Metronusa News, Karanganyar – Kemeriahan Turnamen E-Sport Kapolda Jateng Cup 2026 tidak hanya tersaji dari sengitnya pertandingan para atlet Mobile Legends terbaik se-Jawa Tengah. Semangat dan kreativitas para pendukung dari masing-masing kontingen turut menjadi daya tarik tersendiri melalui gelaran Lomba Suporter yang menghadirkan suasana kompetisi yang meriah, tertib, dan penuh sportivitas.
Dalam keterangannya, Kabid Humas Polda Jateng mengatakan bahwa Lomba suporter menjadi salah satu program pendukung yang dirancang untuk meningkatkan partisipasi generasi muda sekaligus membangun atmosfer pertandingan yang positif dan berkesan.
“Berbagai kreativitas akan ditampilkan para pendukung tim melalui yel-yel khas, koreografi kelompok, banner kreatif, kostum unik hingga kampanye dukungan yang positif di media sosial ” terang Kabid Humas Polda Jateng Kombespol.
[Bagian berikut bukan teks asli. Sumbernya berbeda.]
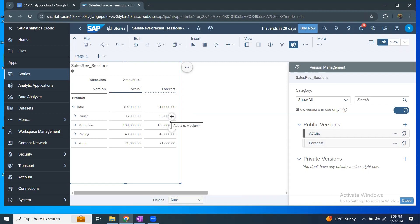Now what I wanted to do is create a new private version that starts with empty values, and then copy data based on certain conditions. In that case, I will use data actions for that purpose. Data actions can contain simple to complex logics to process or transfer data from one place to another. Let's see a basic, simple data action for processing data into a new forecast version.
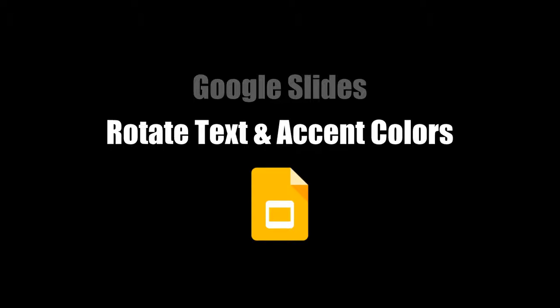This video will demonstrate how to rotate text and apply accent colors on your Google Slides.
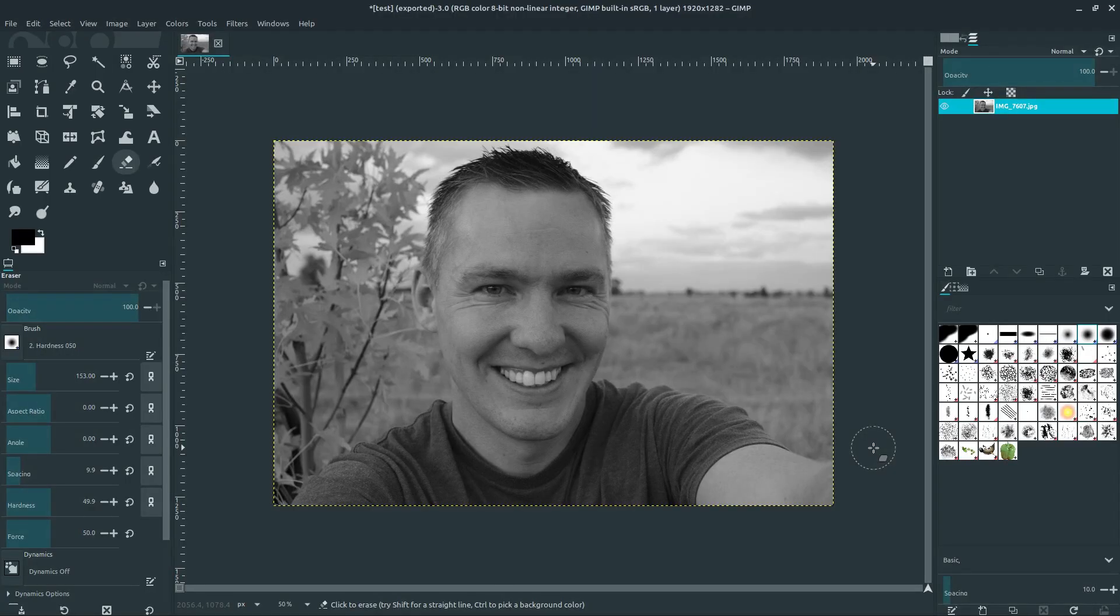Welcome to another GIMP tutorial. In this video, we're going to be talking about transparency and the alpha channel in GIMP.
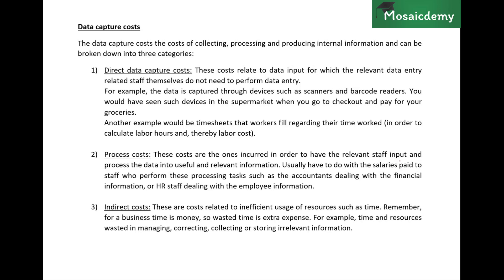The first category is direct data capture costs. To understand these, note that when a company collects data, certain staff — like accountants — are responsible for entering it into the system. Direct data capture costs are those costs related to data input or capture where the relevant accounting staff do not actually need to perform the data entry themselves — the data is captured automatically from another source.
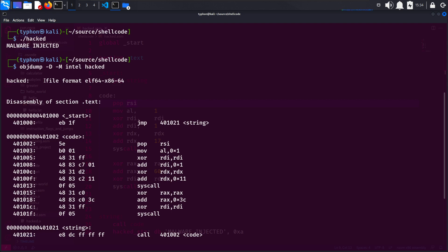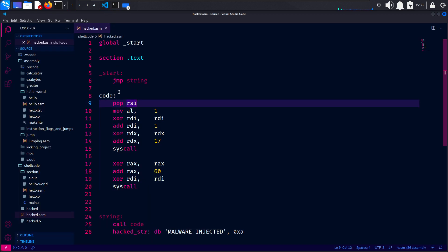Running these commands will assemble the assembly code and link it into an executable, and then display the disassembled machine code in Intel style assembly language using the OBJdump utility. This allows you to see the actual machine instructions that correspond to your assembly code. And our journey has led us to a significant milestone — this is a shellcode that's free from troublesome characters. Now let's recap our accomplishments. We implemented the GMP instruction to navigate to the string. Subsequently, we employed the call instruction to execute the actual code, and this call instruction triggers the subsequent instruction to be pushed onto the stack.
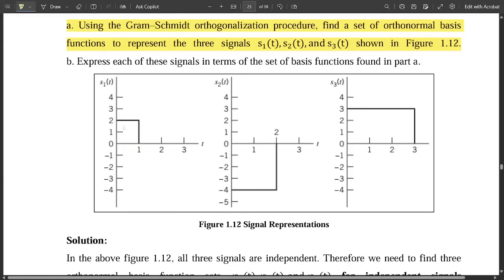Let us look at the amplitudes and limits for each signal. For the first signal, the limits are from 0 to 1 and the amplitude (height) of s1(t) is equal to 2. For the second signal, the value is minus 4 and the limits are from 0 to 2. For the third signal, the limits are from 0 to 3 and the amplitude is equal to 3.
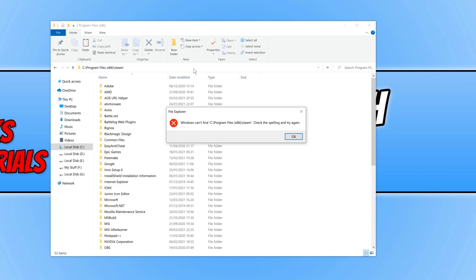I do recommend you restart your computer once you've uninstalled Steam. And that's how easy it is to uninstall Steam in Windows 10 on your PC or laptop. If this tutorial helped you out, hit the like button below and subscribe for more Computer Sluggish tutorials.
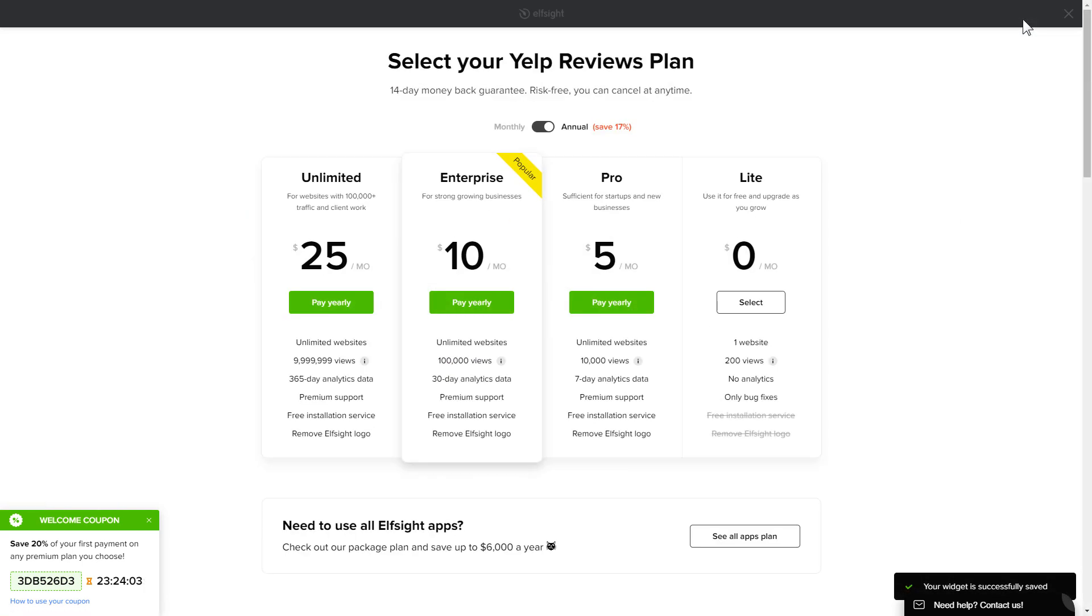The next step is to choose your subscription plan. You're very welcome to start with Lite. But keep in mind that your 20% discount is valid only for 24 hours.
Artanto di Mapolda Jateng pada Kamis (18/6)
” Tak hanya memberikan semangat kepada tim yang bertanding, para suporter juga akan menunjukkan identitas daerah maupun komunitas yang mereka wakili dalam suasana persaudaraan dan kebersamaan ” tambahnya.
Kabid Humas mengatakan bahwa lomba suporter dalam Kapolda Jateng Cup Esports 2026 tidak sekadar mencari kelompok pendukung yang paling ramai, melainkan menjadi wadah pembinaan karakter dan kreativitas generasi muda.
“Lomba suporter dalam Kapolda Jateng Cup Esports 2026 ini juga akan menjadi wadah pembinaan karakter, kreativitas, dan sportivitas generasi muda. Melalui lomba suporter, kami ingin membangun budaya kompetisi yang sehat sekaligus memperkuat kedekatan Polri dengan komunitas generasi muda di Jawa Tengah,” ujar Kombes Pol Artanto.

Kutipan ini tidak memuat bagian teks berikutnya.